Ten prediction models were developed by five prediction modelling studies, reflecting five distinct approaches to the clinical problem of quantifying the absolute risk of pregnancy complications in women with GDM. The literature is relatively lacking, compared to the related, but distinct literature on diagnostic prediction models for the development of GDM, with 17 models identified in a recent review [31]. However, interest in prognostic-based approaches to pregnancy risks in GDM is growing, with the first model published ten years ago and the later four within the last three years. The model developed using a prospective cohort utilised an unselected population of pregnant women, of which 10.5% would meet current diagnostic criteria for GDM [21]. We acknowledge that the population in this prediction modelling study may not strictly meet the population criteria for eligibility of this review. However, we believe that the omission of this study would limit the value of this review, given its robust prospective study design and unique treatment-naïve study population.

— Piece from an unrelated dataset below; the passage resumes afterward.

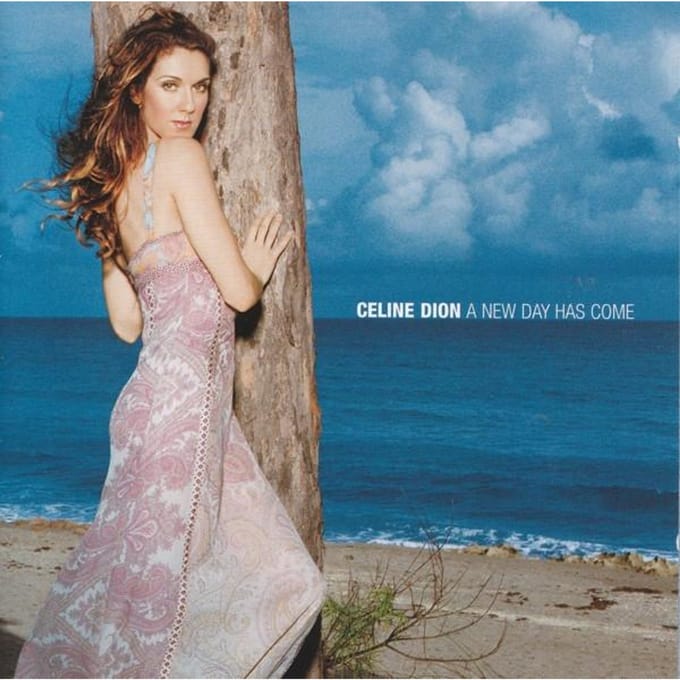 A New Day Has Come - Céline Dion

Furthermore, recognising that there is a continuum of risk for pregnancy complications related to GDM, this study is valuable because it facilitates feasibility assessment for a prediction model for pregnancy complications in women with hyperglycaemia independent of the consensus-based International Association of Diabetes and Pregnancy Study Group diagnostic threshold for GDM. A recent prediction modelling study conducted by Barnes and colleagues [32] featured prominently at the title and abstract screening stage as it seemed to be especially applicable to the review question. This study developed and externally validated a model to predict the need for insulin therapy in women with GDM. Following model development, a post-hoc analysis found that the outcome of this model, the need for insulin therapy, was strongly associated with pregnancy complications. As pregnancy complication, the outcome of interest for this review was not the subject of this prediction modelling study it was ultimately excluded. We, however, note the close relationship of these outcomes and the relevance of this existing prediction modelling study to the overarching aim of developing a stratified model-of-care for women with GDM.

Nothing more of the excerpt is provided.